→ AIM OF THE EXERCISE
Find how many lines in the data below include the word "Control", then write only that number.

------ MATERIAL FOR THIS TASK ------

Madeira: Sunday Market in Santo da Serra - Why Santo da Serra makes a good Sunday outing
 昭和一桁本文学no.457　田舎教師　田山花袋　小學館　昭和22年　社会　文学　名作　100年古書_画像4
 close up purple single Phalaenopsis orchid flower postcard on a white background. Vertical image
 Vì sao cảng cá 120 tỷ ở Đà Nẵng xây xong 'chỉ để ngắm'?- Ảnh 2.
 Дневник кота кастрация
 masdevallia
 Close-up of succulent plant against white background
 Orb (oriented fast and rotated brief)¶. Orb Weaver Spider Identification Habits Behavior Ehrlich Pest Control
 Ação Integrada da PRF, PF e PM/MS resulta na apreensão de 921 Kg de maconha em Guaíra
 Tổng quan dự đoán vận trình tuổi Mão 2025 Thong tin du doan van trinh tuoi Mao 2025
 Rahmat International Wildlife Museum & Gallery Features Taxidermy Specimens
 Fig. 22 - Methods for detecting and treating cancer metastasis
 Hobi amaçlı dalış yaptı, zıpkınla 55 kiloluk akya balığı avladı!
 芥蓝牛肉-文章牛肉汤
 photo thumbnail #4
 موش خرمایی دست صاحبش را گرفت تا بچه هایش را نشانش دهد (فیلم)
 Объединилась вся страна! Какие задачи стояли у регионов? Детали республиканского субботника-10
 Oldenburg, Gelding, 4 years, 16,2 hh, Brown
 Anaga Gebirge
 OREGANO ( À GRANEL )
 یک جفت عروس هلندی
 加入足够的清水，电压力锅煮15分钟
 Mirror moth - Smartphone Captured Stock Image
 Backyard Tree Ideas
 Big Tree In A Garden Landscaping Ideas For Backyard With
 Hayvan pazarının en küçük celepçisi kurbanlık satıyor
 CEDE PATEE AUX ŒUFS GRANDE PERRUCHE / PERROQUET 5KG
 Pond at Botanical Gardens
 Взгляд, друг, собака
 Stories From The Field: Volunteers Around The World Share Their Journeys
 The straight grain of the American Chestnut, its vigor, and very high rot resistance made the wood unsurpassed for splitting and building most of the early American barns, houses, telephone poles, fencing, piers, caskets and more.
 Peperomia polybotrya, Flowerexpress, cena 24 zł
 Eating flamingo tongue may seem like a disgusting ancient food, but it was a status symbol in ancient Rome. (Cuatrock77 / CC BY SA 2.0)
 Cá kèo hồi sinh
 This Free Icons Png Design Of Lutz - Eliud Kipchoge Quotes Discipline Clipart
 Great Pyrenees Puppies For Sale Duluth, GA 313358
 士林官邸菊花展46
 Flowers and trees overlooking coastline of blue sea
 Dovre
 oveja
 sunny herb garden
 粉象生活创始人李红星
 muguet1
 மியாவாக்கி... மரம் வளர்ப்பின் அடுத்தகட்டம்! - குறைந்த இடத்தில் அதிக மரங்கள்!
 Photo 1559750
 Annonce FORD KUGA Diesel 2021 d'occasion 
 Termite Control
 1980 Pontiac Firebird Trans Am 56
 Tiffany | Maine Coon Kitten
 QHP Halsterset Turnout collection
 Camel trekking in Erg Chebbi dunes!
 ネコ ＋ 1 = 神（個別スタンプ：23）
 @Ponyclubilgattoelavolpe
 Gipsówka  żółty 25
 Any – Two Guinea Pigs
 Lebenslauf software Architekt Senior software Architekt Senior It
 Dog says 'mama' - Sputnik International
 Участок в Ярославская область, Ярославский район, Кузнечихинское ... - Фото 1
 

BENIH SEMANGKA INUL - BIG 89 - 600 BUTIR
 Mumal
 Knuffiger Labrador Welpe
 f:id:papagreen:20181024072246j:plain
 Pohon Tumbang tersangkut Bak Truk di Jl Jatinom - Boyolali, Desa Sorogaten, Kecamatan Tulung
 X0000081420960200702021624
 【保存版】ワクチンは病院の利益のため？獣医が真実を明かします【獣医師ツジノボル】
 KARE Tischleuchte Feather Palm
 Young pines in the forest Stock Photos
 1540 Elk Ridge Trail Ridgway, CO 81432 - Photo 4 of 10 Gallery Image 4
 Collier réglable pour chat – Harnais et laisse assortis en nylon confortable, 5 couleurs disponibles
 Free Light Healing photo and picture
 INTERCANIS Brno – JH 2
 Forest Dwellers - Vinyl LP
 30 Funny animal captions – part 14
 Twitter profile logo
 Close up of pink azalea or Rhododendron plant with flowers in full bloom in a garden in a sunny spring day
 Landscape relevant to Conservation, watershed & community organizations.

------

→ TASK SOLUTION
2